SOURCE:  Disability Scoop

When Autistics Grow Up.... Why Not Ask Them?

Why not ask autistic people
 what their lives are like?

I just read a great post on the FWD blog: "Today in Journalism:  Autistic Adults Need Not Comment." 

In this entry, s.e. smith writes about what is really a concern today:  there are many conversations today about autistic children growing up and how parents need help to cope.  Doesn't every parent need to cope?  But she quite appropriately points out, this is just another example of talking about someone (autistic adults and their lives) and instead focusing on what autistics have to say.

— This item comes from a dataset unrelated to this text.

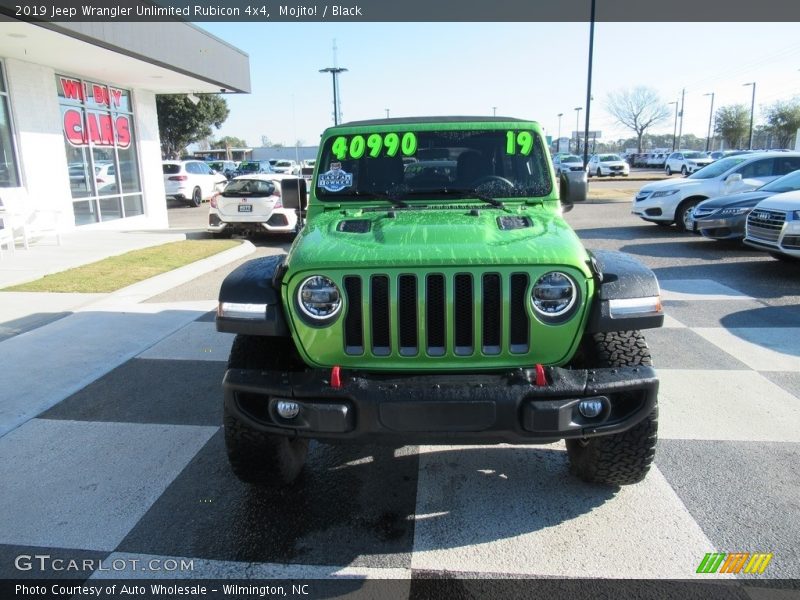 Mojito! / Black 2019 Jeep Wrangler Unlimited Rubicon 4x4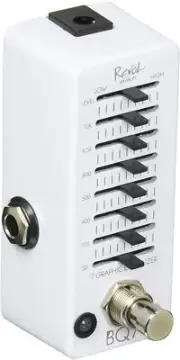 New RevoL Effects Effector Base 7 Band Graphic Equalizer BQ7 EBEQ-01 Effector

Granted, some autistic people can't communicate in the way that some people can (some use different modalities--for one great example see Amanda Baggs' video "In My Language." Excellent), does that mean their opinions, voices, etc. don't count?

Another blog, after a Google search, writes about her son's struggles from her perspective as a mom, she talks a bit more realistically, but would like to find a blog by an autistic adult talking about these things and share that instead.

In closing, I did a quick Google Search for "autistic people talk about growing up" and there were 176,000 results, but the first results don't appear to be written by an autistic person, although a link to WrongPlanet.net came up as the second result, but after clicking on this link, nothing specific appeared just their home page.

Of course every parent may have something to say about their child's life, autistic or not, but as they age, shouldn't their perspectives become more important?

Struggling to write a description..

...but I came up with this really neat Wordle:



Okay, "Wordles" are not very accessible to screen readers, but it is a neat idea to take a series of words and represent them graphically.  My purpose in creating this was to describe what the posts will be on this blog.  Feel free to share, repost, etc.

What the heck do I mean by "Scarlet Letter Mommy"?

Scarlet Letter Mommy refers to Autistic Motherhood which is actually more like motherhood of an autistic child.  Another meaning of Scarlet Letter Mommy refers to the connotations of having a child “labeled” mildly autistic.

Autism, like any other part of the human condition, is experienced in different ways by different people.  Some people are “high-functioning” and are able to function (or "pass") in the neurotypical world.  Many of these people are saying that this is the way they are and neurodiversity must be more accepted and understood.  Others are more profoundly autistic.

While some of what I experience with my son is just plain old motherhood (I am the mother of an only child), so I have to stop and think more about some of things that my son does or says—is it autism or is it a normal little boy revolting (“I want a new mom!”)?  How do I know the difference?

Well, I’m getting better and better at recognizing it.

Diving right in

For as long as I can remember, I've been a collector of all things autistic/autism. I helped my dear friend Nan Songer organize the huge amounts of information she had (several large size 3-ring binders) and now as I am the mother of a HFA child, I keep my eyes peeled for new things, good or bad.

One of my latest endeavors was to start a Google Scholar alert for "autistic culture" and this entry arrived in my email today:

http://www.statemaster.com/encyclopedia/Aspergian

Talk about expansive! But really, how serious can I take any page that has a block ad for DirecTV (highlighting the NFL no less) right after the header "Prevalence."

And I really wanted to see what Hans Asperger looked like (this page had an outdated link I guess). So a quick Google check and I found him! See picture at right.  Knew the name but never saw the face!  Now if I can just figure out how to add captions to photos or at least alt text in this blog, things will get better.